Whale Supply Reversal Signals Shift in Large Holder Activity
Bitcoin traded above $67,000 as a June 15 whale activity analysis shared by Cryptoquant on X showed total supply held by large wallets turning higher after a 12-day decline. The data covered activity from June 1 to June 14, when whale supply reversed while bitcoin recovered from a local low near $61,453.
Whale activity unfolded across three distinct phases during the correction and recovery. Old coins first moved onto exchanges as BTC fell from about $71,300 to $63,800. Large holders then absorbed selling near the $61,400 area before total whale supply turned higher on June 14.
The analyst wrote:
“The Whale U-Turn: On June 14, the 12-day decline in total Whale Supply officially reversed (U-Turned) to the upside.”
Dormant-coin selling eased sharply after the early-June drawdown. Inflow Coin Days Destroyed, a metric that measures the movement of previously dormant coins to exchanges, fell from 2.16 million to about 33,000, according to the analysis.
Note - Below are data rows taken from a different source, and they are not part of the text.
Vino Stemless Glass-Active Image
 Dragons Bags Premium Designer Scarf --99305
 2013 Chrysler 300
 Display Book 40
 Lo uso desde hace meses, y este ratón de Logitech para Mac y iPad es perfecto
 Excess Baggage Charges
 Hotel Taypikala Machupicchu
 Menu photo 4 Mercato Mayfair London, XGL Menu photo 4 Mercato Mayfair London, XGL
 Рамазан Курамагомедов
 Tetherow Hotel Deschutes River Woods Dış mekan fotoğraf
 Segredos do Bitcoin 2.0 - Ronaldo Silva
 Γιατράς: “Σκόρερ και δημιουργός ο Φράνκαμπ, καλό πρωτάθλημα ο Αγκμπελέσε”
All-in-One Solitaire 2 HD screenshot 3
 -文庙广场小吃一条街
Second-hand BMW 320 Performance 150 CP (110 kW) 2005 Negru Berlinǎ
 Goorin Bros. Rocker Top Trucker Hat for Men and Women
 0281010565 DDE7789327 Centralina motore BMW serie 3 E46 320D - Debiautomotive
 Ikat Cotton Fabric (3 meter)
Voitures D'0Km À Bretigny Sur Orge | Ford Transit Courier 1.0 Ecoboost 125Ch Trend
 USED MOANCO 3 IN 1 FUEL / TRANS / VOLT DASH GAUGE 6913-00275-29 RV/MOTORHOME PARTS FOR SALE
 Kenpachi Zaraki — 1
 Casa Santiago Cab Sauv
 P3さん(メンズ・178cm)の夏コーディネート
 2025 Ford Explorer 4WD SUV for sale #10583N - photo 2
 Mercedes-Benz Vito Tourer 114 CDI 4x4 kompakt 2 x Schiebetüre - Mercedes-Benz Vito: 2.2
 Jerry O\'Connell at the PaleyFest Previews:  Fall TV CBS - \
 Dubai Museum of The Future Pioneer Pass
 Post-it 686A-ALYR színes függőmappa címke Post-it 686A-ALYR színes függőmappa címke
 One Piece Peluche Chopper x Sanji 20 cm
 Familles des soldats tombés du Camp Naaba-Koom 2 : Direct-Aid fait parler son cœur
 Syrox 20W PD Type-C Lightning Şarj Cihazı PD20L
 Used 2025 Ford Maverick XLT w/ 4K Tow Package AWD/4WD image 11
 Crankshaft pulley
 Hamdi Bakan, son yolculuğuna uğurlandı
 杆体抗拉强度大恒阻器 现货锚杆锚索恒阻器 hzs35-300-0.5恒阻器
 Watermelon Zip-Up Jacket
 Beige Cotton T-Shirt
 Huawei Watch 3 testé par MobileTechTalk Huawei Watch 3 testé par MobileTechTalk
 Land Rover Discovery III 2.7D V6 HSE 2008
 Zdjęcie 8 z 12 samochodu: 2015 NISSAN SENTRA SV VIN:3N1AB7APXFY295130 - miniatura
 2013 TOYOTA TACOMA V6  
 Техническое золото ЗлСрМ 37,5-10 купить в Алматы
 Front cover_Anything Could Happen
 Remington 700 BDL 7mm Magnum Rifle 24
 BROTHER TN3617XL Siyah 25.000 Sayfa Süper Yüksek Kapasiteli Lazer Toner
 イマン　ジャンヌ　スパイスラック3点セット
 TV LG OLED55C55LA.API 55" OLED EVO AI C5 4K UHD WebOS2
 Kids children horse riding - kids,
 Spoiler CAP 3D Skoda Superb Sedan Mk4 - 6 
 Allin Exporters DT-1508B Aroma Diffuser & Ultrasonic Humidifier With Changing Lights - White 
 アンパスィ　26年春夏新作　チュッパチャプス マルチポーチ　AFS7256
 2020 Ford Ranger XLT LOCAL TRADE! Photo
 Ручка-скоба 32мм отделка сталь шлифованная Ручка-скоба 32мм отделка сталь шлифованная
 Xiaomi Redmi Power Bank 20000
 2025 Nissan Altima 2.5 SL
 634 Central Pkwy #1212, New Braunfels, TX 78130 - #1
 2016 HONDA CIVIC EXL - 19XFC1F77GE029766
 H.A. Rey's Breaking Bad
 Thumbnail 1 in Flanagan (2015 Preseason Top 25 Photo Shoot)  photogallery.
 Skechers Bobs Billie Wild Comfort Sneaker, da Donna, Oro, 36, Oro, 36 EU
That drop indicated older bitcoin movements to exchanges slowed after heavy selling pressure earlier in the month.
Large holders accumulated near the lows from June 5 to June 10 as exchange balances declined. More than 11,400 BTC, worth roughly $700 million at the time, moved from exchanges to cold wallets during that period.
Exchange Withdrawals and Supply Shock Shape Bitcoin Whale Activity
Negative netflow readings showed withdrawals exceeded deposits across several sessions, reducing immediately available exchange supply during bitcoin’s stabilization. The Exchange Whale Ratio, a metric that measures the share of exchange inflows attributed to large holders, also rose to 62.3% near the $61,400 area, a level described as aggressive whale buying during panic selling.
The June 11 to June 14 period brought fading sell pressure, continued withdrawals, and a turn higher in wallets holding at least 100 BTC. The data characterized that period as a supply shock as selling activity faded and whale supply turned higher.
The analyst stated:
“As selling dried up, a massive ‘supply shock’ occurred. On June 14, total Whale Supply (100+ BTC Wallets) officially turned back up, triggering a strong price rebound to $65,704.89.”
The whale-supply reversal marked a shift away from the exchange-inflow pressure seen earlier in the correction. The analyst concluded: “The wealth transfer from weak hands to strong hands is complete. Whales have locked in the $60,000–$61,500 range as a rock-solid floor. With exchange reserves depleted, the path of least resistance for bitcoin is now firmly upward.”